*TASK TO COMPLETE*
In the answer, each entry below appears exactly as given, and no picture appears at all.

*EXTRACTED INFORMATION*
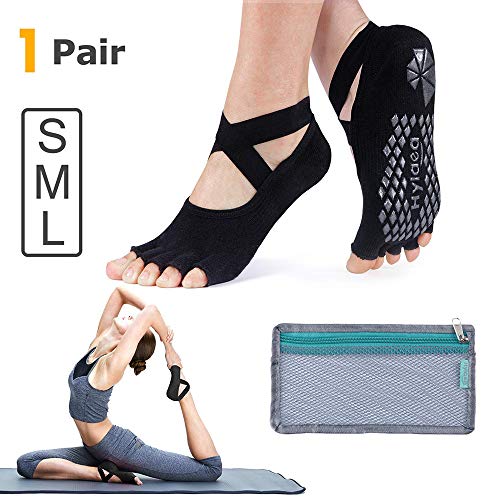 Hylaea Yoga Socks for Women with Grip & Non Slip Toeless Half Toe Socks for Ballet Pilates B ...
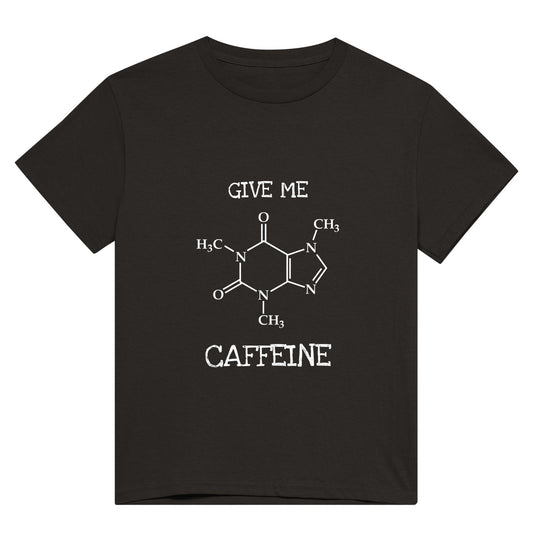 A Black shirt with the words "Give me caffeine" and a picture of the displayed formula of a caffeine molecule in white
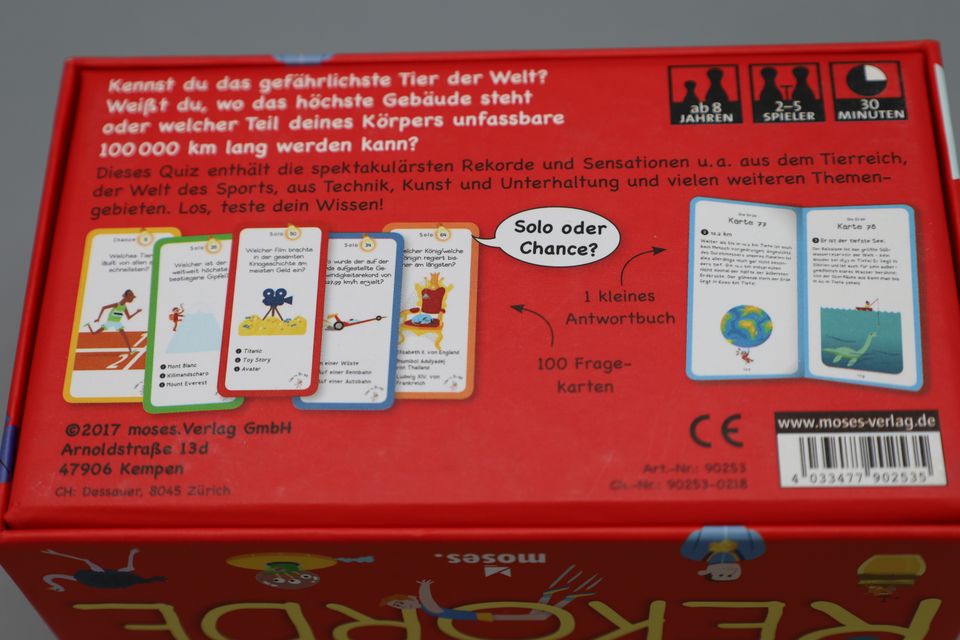 Moses Gesellschaftsspiel Kinder Quiz der Rekorde ab 8 Jahren in Rosengarten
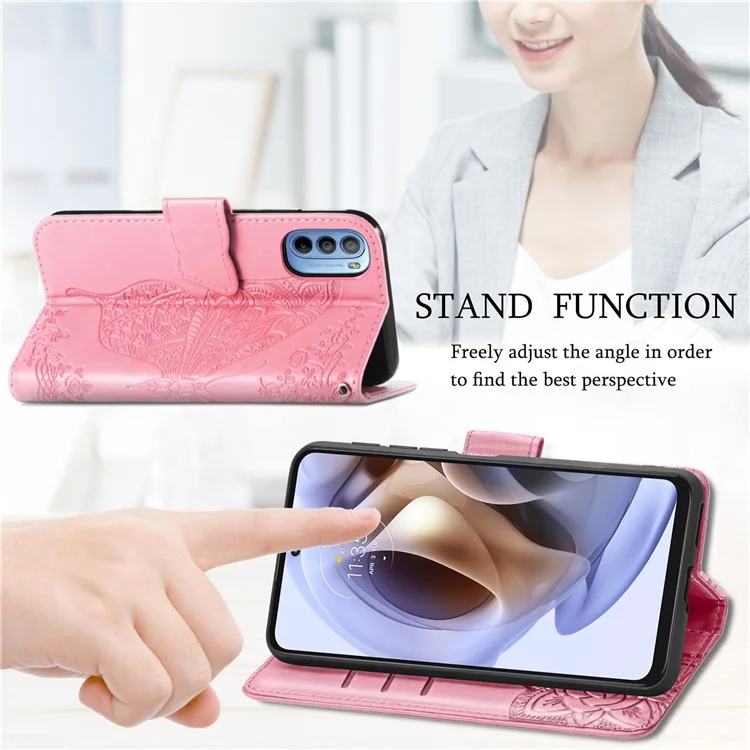 Coque Portefeuille en Cuir PU Imprimé Papillon pour Motorola Moto G31 / Moto G41, Étui de Protection Rabattable avec Support et Dragonne - Rose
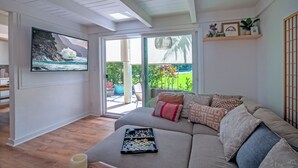 Leilighet, flere senger, terrasse, hageutsikt ( 2C) | Oppholdsområde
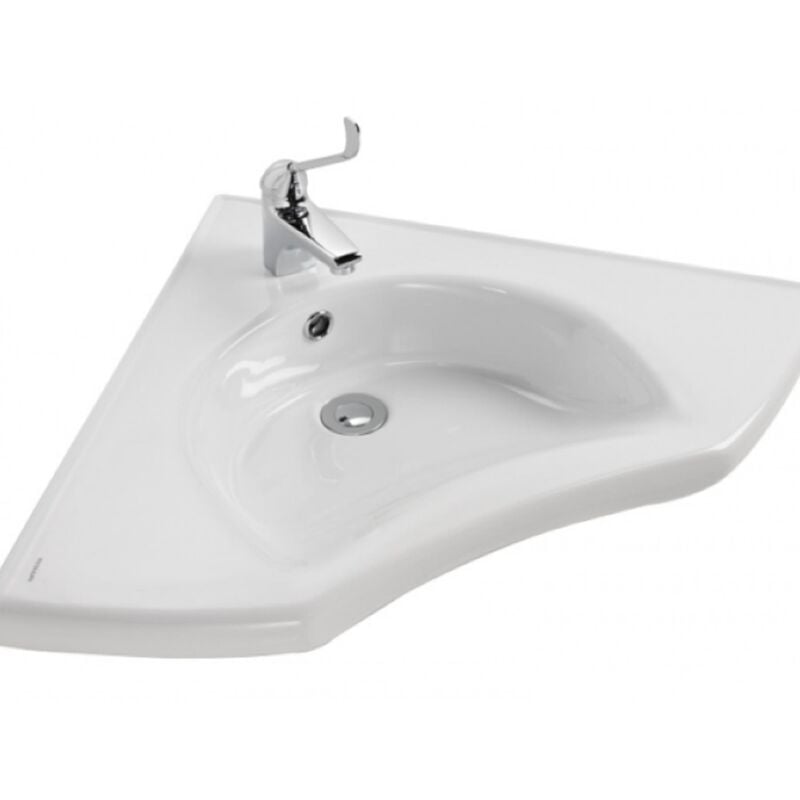 Lavabo d'angle PMR normes handicapé mural céramique traditionnelle Gamme PRO SANINDUSA New WC Care couleur blanc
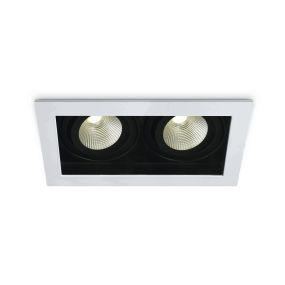 ONE Light COB Shop & Hotel - Einbaustrahler - 195 x 100 mm, 175 x 90 mm Einbaumaß - 2 x 12W dimmbare LED inkl. - weiß - Lichtfarbe warmweiß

*OUTPUT OF THE EXERCISE*
 Hylaea Yoga Socks for Women with Grip & Non Slip Toeless Half Toe Socks for Ballet Pilates B ...
 A Black shirt with the words "Give me caffeine" and a picture of the displayed formula of a caffeine molecule in white
 Moses Gesellschaftsspiel Kinder Quiz der Rekorde ab 8 Jahren in Rosengarten
 Coque Portefeuille en Cuir PU Imprimé Papillon pour Motorola Moto G31 / Moto G41, Étui de Protection Rabattable avec Support et Dragonne - Rose
 Leilighet, flere senger, terrasse, hageutsikt ( 2C) | Oppholdsområde
 Lavabo d'angle PMR normes handicapé mural céramique traditionnelle Gamme PRO SANINDUSA New WC Care couleur blanc
 ONE Light COB Shop & Hotel - Einbaustrahler - 195 x 100 mm, 175 x 90 mm Einbaumaß - 2 x 12W dimmbare LED inkl. - weiß - Lichtfarbe warmweiß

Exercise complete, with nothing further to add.